At the occasion of its 10th Annual General Assembly, Health First Europe gathered together pan-European organisations and the European Commission to contribute to the HFE Road Map for the next Parliamentary term and share ideas on the future of public health in the European Union.
Health First Europe Honorary President John Bowis welcomed the participants and gave an overview of the achievements of HFE for the past 10 years. He noted that “HFE has worked in the direction of protecting patients from unnecessary harm, worked towards balancing safety and access to medical innovations and supported the shift from acute to community care”.
The 10th Anniversary meeting represented an opportunity to set out priorities for Health First Europe in the next Parliamentary term. To better fulfil this task, HFE members and invited guests participated in roundtable discussions to define key health objectives and associated challenges for next the European Commission and Parliament. This dynamic debate on the future direction and priorities of HFE culminated in a keynote speech delivered by the European Commissioner for Health Tonio Borg.

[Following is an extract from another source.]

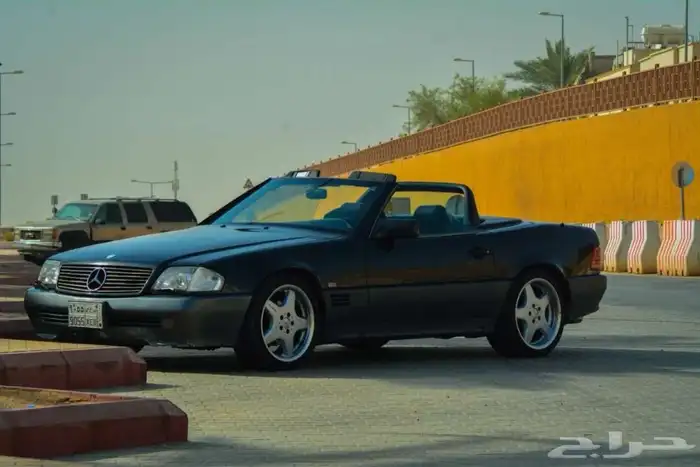 مرسيدس SL500 R129 7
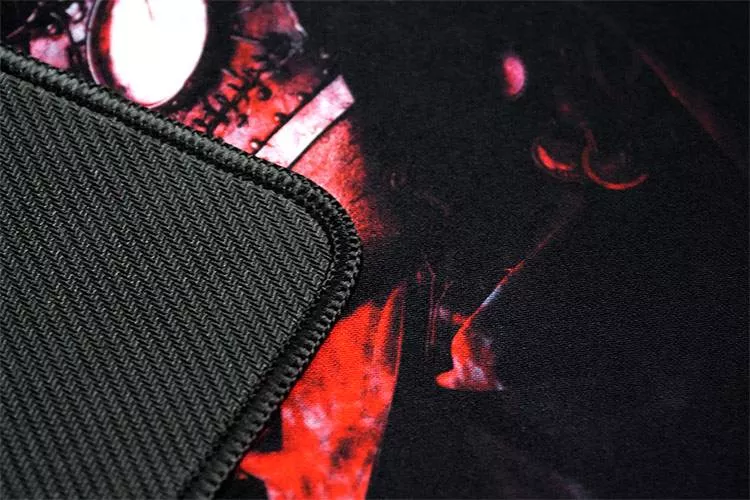 Mouse Pad și Keyboard Mat WARRIOR KRUGER&MATZ 890x400mm, Cauciuc Anti-Alunecare, Precizie și Libertate de Mișcare [5]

With his mandate as Commissioner coming to an end, Commissioner Borg provided a comprehensive overview of the European achievements on public health and he pointed while also noting some of the barriers inherent to the development of European health policy. He highlighted the natural tension between Member States and the Commission on health policy given the subsidiarity principle which can narrow the initiative taken by the Commission and slow the implementation of EU directives.
However, Commissioner Borg highlighted the impact of the European Commission policy towards promoting and implementing measures designed to have a positive impact on citizens’ life. He reiterated the need to see health as an opportunity to increase the European competitiveness, and stated “Health is a resource for the economy. In the formulation and implementation of EU policies, health and economy cannot be considered as two separate chapters.” He went on to say, that it is “imperative to reform our health systems” to build a system where a people can “live longer in healthy conditions”. This reform should “reduce the costs without reduce the healthcare standards for our citizens”.
Moreover, the Commissioner Borg reminded the audience of the recent developments on eHealth, saying “eHealth is not a solution for all problems”, but it represents a tool to improve care for European citizens and to boost the efficiency of national health systems. For this reason the European Commission is committed to supporting Member States in getting the best out of eHealth.
Last but not least, the Cross-border Healthcare Directive, which should have been transposed into national laws by October 2013. Commissioner Borg emphasized “This piece of EU legislation will bring direct benefits to patients by enabling them to use their rights in practice”. He further stated that, “This directive and its implementing tools such as: eHealth Network, Health Technology Assessment and ePrescriptions represents “a clear sign of a growing European dimension to national health systems”.
In the end of his speech, he tried to oversee the future developments of EU health policies. The Commissioner Borg is aware that “Europe’s health systems are likely to undergo profound changes over the next decades. The role the EU will play is uncertain, given that key changes will be driven by fiscal coordination”, but at the same time he expressed his dream that “health should became a horizontal topic” where each Minister has responsibility for health in all policies.